◆ **PROBLEM TO WORK ON**: After finding the line with "מכנסי סריג קצרים" in the entries below, copy that line and each one after it exactly, through the last line, and omit pictures.

[Records excerpted from a collection]
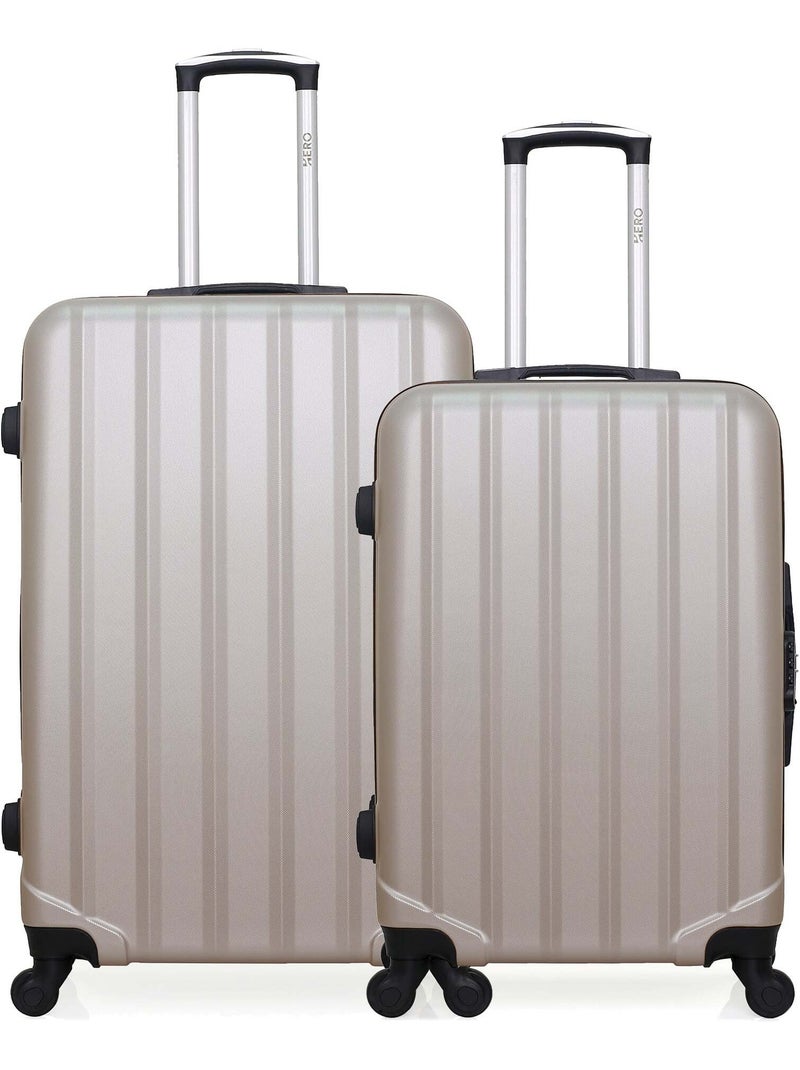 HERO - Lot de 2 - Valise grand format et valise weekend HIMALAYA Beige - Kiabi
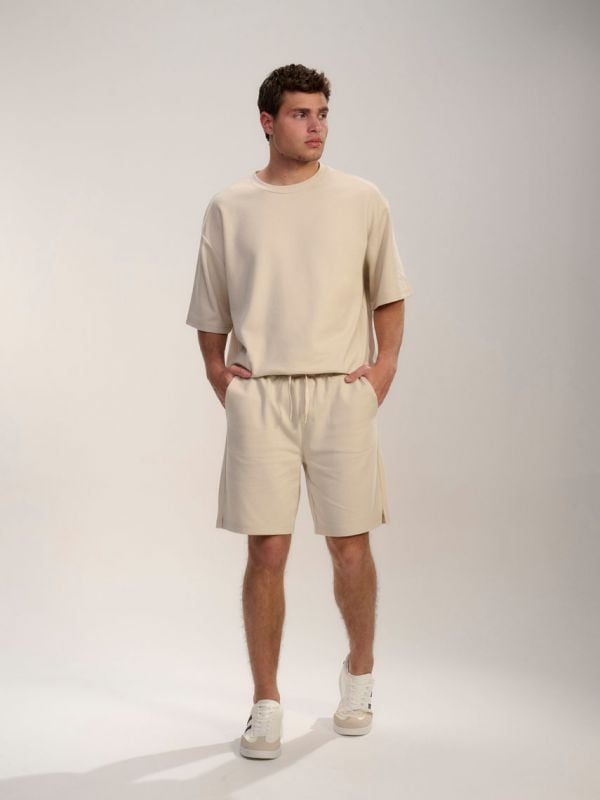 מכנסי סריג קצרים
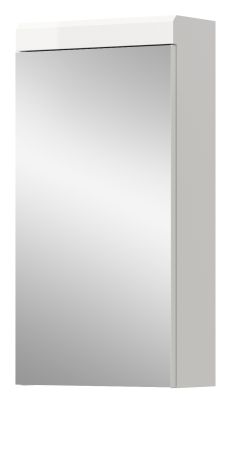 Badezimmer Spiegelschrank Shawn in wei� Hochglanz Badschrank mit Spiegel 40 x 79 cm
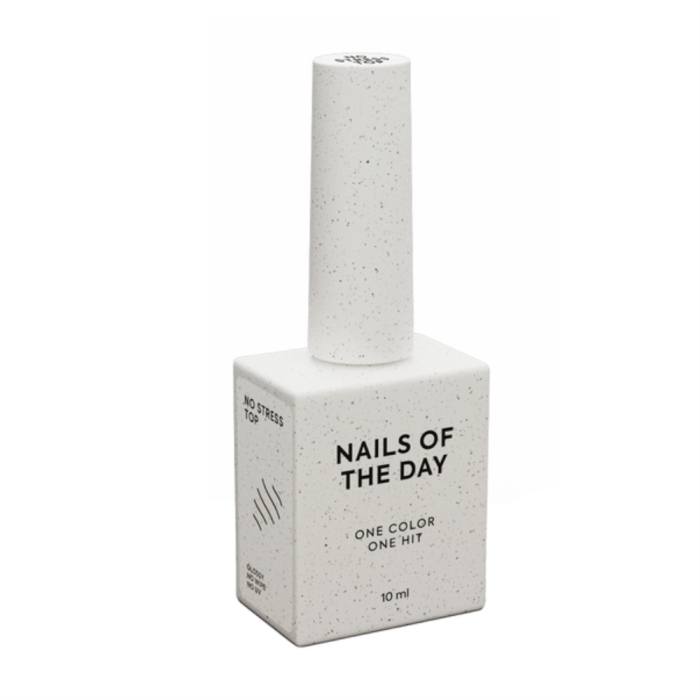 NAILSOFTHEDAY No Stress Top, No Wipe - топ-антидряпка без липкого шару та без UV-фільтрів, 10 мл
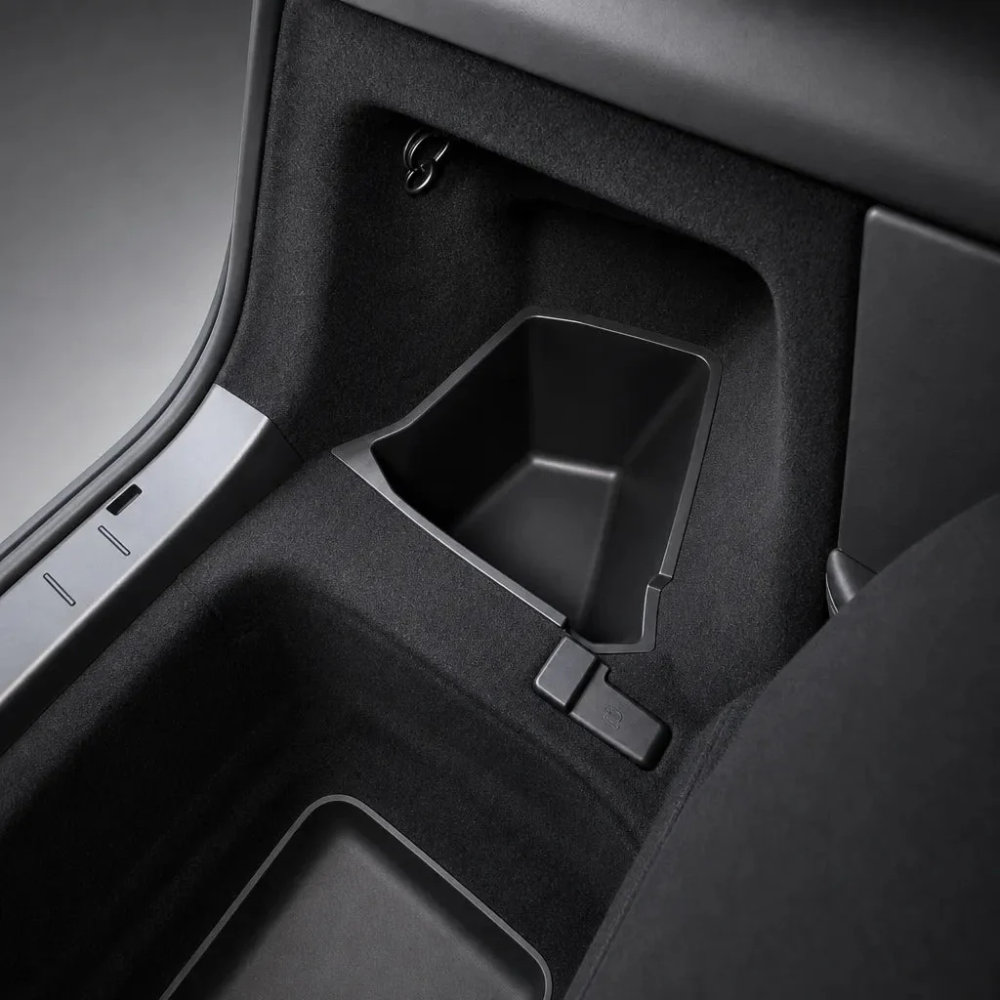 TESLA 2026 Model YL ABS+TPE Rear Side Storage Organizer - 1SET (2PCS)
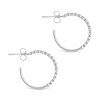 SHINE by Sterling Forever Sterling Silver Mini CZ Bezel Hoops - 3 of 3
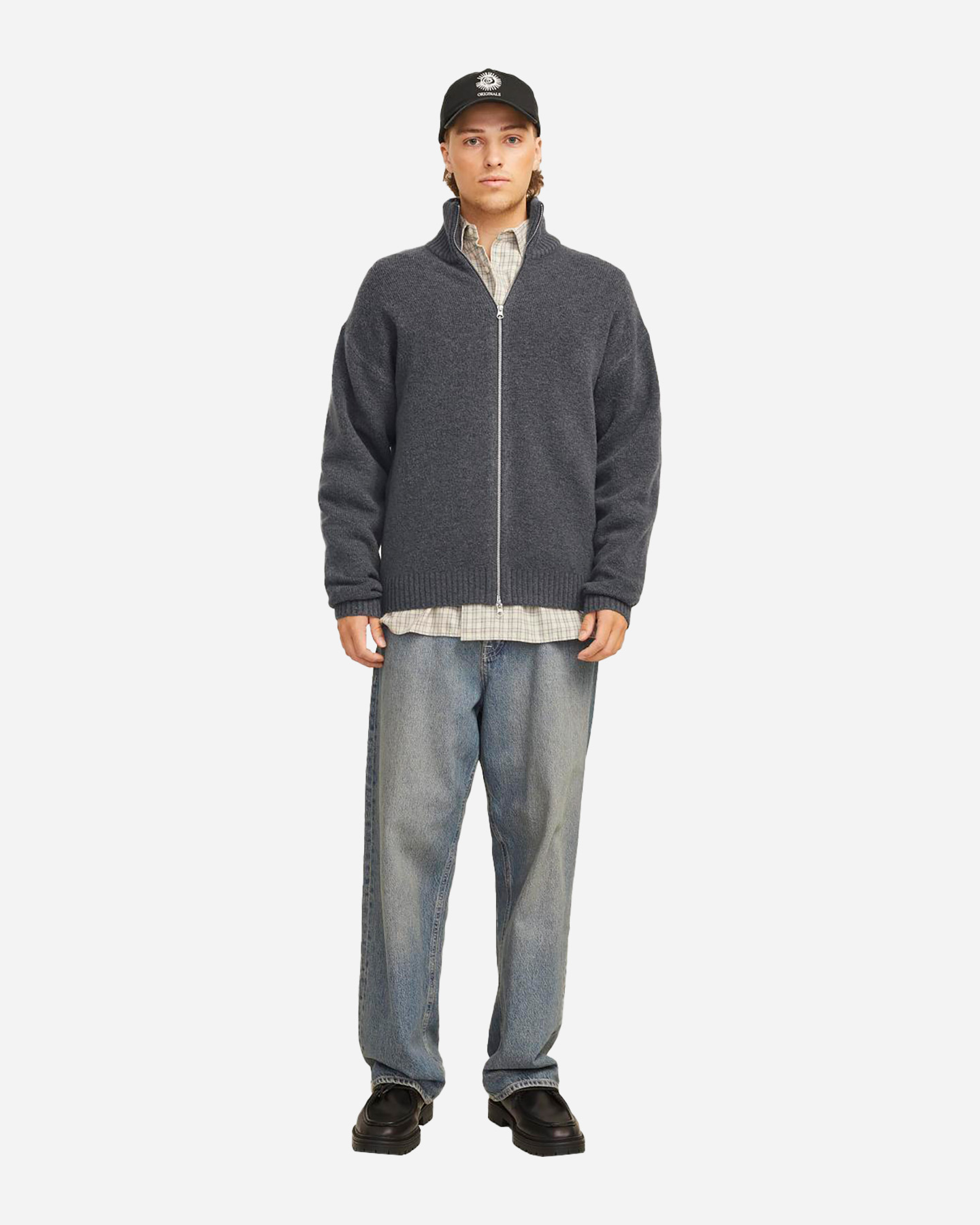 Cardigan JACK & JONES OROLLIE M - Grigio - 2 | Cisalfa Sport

◆ **RESULT OF THIS TASK**:
 מכנסי סריג קצרים
 Badezimmer Spiegelschrank Shawn in wei� Hochglanz Badschrank mit Spiegel 40 x 79 cm
 NAILSOFTHEDAY No Stress Top, No Wipe - топ-антидряпка без липкого шару та без UV-фільтрів, 10 мл
 TESLA 2026 Model YL ABS+TPE Rear Side Storage Organizer - 1SET (2PCS)
 SHINE by Sterling Forever Sterling Silver Mini CZ Bezel Hoops - 3 of 3
 Cardigan JACK & JONES OROLLIE M - Grigio - 2 | Cisalfa Sport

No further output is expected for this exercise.